Dataset excerpts:
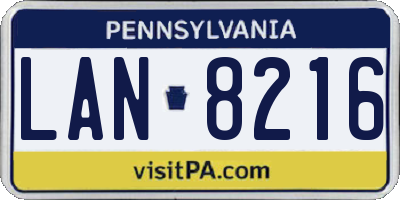 PA license plate LAN8216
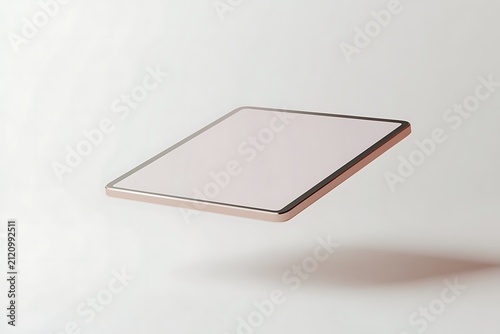 Floating Modern Tablet with Blank Screen on White Background.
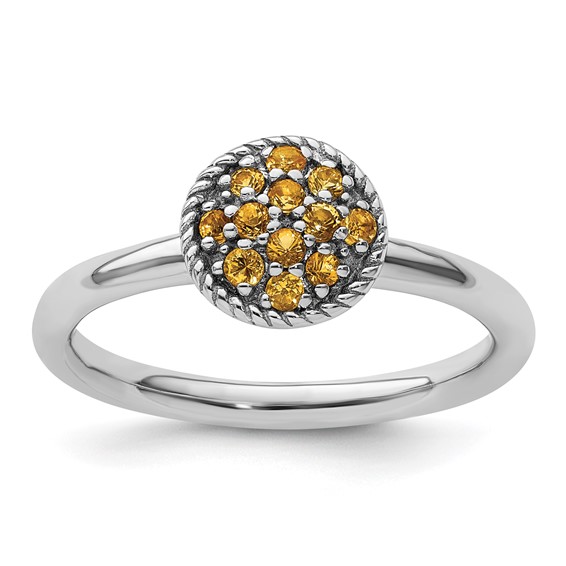 Sterling Silver Stackable 1/5 ct Citrine Cluster Ring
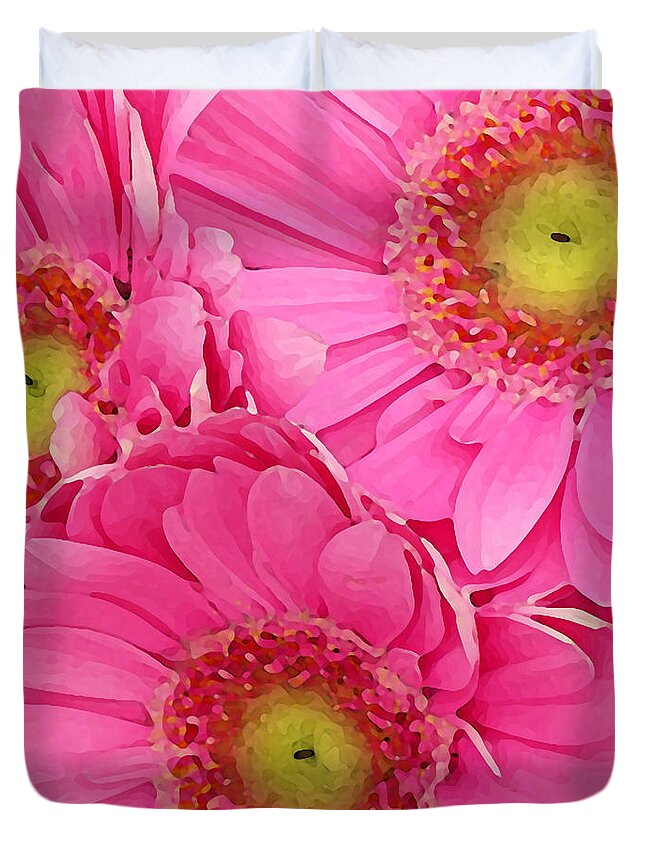 Pink Gerber Daisies Duvet Cover for Sale by Amy Vangsgard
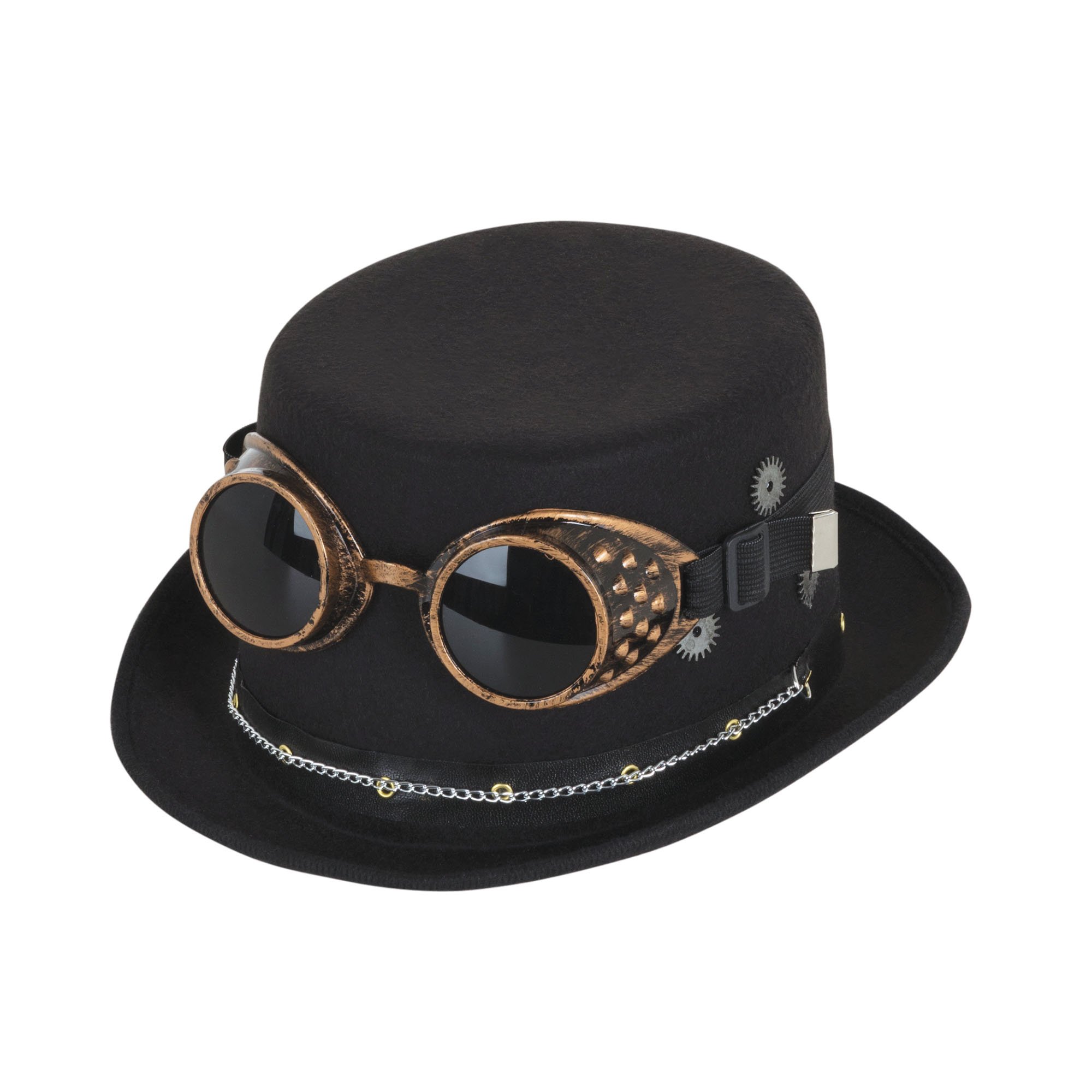 Black Steampunk Top Hat with Goggles & Gears (1 Pc.) - Durable & Eye-Catching Design, Perfect for Cosplay, World Book Day, Festivals & Gifts Halloween Halloween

HOW TO COMPLETE THIS TASK
Exclude every picture, then return precisely the lines that run from the line containing "Pink Gerber Daisies" through the end of the entries above.

EXERCISE ANSWER
 Pink Gerber Daisies Duvet Cover for Sale by Amy Vangsgard
 Black Steampunk Top Hat with Goggles & Gears (1 Pc.) - Durable & Eye-Catching Design, Perfect for Cosplay, World Book Day, Festivals & Gifts Halloween Halloween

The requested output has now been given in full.